*What to work on:*
Of the entries below, return only those lines from the line with "коралл, ананас, буй" to the line with "1997 Mercury Mountaineer", exactly, both included.

*Task data:*

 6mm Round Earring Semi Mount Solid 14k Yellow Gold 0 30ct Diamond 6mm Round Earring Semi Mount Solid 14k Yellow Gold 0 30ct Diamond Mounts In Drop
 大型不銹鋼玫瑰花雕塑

* * *

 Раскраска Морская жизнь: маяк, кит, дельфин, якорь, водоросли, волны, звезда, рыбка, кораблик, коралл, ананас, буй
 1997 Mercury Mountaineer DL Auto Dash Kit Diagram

*Result:*
 Раскраска Морская жизнь: маяк, кит, дельфин, якорь, водоросли, волны, звезда, рыбка, кораблик, коралл, ананас, буй
 1997 Mercury Mountaineer DL Auto Dash Kit Diagram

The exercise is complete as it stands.